Page 1: Introduction
One of the most significant economic developments is the internationalisation and globalisation of commerce. Almost every type of business is influenced by global events - businesses now face tough competition in home markets from overseas producers, but benefit from new sources of products, parts and goods which have become available. Companies today have extended their geographical markets as well as the areas in which they purchase and manufacture - creating a much more complex and competitive business environment at a time of rapid growth in world trade.
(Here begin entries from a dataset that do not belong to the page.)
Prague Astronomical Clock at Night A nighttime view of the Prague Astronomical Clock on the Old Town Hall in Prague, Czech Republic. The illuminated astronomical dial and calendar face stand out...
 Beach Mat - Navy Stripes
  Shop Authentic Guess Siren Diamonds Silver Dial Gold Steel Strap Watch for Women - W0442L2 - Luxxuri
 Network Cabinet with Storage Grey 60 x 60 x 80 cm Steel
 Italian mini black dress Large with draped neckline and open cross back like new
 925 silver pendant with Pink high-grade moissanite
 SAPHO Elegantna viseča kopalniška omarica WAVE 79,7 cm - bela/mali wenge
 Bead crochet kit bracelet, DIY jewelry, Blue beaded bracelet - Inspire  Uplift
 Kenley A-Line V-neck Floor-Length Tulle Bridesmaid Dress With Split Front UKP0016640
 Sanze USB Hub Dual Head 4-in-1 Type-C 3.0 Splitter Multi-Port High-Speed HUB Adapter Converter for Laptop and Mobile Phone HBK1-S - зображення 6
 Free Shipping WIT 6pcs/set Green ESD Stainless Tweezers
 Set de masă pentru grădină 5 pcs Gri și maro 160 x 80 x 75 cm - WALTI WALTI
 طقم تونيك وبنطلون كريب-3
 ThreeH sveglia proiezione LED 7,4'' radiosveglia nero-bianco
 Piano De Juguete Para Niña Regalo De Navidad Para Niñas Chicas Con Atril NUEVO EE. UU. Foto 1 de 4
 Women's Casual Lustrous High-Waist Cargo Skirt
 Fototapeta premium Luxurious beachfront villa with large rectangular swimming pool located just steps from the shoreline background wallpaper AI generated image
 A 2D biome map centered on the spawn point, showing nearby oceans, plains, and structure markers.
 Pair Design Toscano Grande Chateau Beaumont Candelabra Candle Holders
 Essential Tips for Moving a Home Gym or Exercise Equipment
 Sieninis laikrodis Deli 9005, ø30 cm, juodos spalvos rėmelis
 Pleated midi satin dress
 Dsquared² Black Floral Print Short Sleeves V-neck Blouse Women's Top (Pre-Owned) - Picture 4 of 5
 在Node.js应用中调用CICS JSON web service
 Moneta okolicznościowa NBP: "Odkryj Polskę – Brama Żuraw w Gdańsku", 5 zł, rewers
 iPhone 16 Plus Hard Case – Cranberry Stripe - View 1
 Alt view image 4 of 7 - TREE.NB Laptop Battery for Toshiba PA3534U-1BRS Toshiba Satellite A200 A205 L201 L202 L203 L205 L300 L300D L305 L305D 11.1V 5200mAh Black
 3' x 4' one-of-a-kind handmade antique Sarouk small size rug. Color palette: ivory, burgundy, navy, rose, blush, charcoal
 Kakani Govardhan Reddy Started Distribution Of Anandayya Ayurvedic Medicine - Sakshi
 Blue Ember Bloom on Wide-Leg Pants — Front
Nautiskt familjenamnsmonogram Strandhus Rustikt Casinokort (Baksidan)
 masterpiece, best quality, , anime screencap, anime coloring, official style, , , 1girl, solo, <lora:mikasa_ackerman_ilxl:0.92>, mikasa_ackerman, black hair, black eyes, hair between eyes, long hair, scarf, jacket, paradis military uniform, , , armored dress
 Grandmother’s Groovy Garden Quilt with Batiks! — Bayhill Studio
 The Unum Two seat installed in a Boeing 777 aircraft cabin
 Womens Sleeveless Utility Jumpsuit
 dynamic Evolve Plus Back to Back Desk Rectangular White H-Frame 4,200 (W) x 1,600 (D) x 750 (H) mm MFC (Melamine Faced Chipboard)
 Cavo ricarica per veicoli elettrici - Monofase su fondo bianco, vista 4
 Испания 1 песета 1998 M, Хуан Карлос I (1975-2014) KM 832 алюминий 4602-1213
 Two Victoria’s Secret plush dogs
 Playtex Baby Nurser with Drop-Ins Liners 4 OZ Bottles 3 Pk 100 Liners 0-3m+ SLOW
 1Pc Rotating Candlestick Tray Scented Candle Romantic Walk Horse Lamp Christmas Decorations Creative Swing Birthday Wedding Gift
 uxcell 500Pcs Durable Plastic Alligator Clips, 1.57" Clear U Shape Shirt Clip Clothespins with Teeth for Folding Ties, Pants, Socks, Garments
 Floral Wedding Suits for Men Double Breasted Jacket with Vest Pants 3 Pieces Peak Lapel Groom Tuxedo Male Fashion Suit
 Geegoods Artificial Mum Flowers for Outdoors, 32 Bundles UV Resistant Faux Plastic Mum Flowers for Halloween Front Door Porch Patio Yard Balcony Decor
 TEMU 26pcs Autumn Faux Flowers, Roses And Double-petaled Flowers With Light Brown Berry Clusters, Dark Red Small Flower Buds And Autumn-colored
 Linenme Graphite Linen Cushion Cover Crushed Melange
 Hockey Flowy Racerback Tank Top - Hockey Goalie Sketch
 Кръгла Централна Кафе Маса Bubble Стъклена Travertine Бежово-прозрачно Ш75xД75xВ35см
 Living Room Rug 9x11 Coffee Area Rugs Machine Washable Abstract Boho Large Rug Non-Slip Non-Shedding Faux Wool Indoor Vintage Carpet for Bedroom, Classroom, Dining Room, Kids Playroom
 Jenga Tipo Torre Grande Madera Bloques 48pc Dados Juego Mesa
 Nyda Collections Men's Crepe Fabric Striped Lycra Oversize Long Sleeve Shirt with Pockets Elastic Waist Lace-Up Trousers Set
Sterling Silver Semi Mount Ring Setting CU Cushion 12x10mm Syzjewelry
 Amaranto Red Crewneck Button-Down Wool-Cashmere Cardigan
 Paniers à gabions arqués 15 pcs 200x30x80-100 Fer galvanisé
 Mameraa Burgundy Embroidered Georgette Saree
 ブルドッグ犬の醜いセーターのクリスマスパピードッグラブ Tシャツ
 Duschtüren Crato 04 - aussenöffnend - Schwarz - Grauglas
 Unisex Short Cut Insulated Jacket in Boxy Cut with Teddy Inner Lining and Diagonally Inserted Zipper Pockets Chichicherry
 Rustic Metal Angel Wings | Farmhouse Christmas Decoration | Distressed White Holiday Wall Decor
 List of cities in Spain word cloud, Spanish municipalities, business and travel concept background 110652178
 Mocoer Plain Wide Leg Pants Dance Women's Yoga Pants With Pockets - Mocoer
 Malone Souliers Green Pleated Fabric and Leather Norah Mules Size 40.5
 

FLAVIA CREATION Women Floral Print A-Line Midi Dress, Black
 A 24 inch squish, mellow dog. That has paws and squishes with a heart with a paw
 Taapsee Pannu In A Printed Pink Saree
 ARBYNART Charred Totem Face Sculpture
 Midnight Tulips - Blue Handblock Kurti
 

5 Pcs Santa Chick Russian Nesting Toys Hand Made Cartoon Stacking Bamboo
In order to achieve customer satisfaction, businesses must ensure that products and services are available for customers as promised, at the right time and in the right place. Businesses must operate a range of innovative manufacturing concepts, such as just-in-time production, which affects how successfully they cater for their customers. Just-in-time means that production materials arrive at a customer’s factory exactly as they are needed for production, thus avoiding costs of storing materials until they are used. It calls for close coordination between the supplier and the customer, as well as an efficient distribution system. Logistics is a key element in guiding the planning and development of many businesses. High standards of logistics, for example, might allow a supplier to deliver 99% of customer orders within 48 hours of the order receipt - helping that company to win new customers and retain existing ones.
A key industry which has grown rapidly in recent years is that of Air Cargo. The industry has been supported in its response to the process of change with state-of-the-art technology and some of the latest engineering concepts in the world.
This case study focuses upon a pan-European project which involves GEC ALSTHOM and Lödige who are currently developing a Materials Handling System for British Airways at its New World Cargocentre at London Heathrow Airport.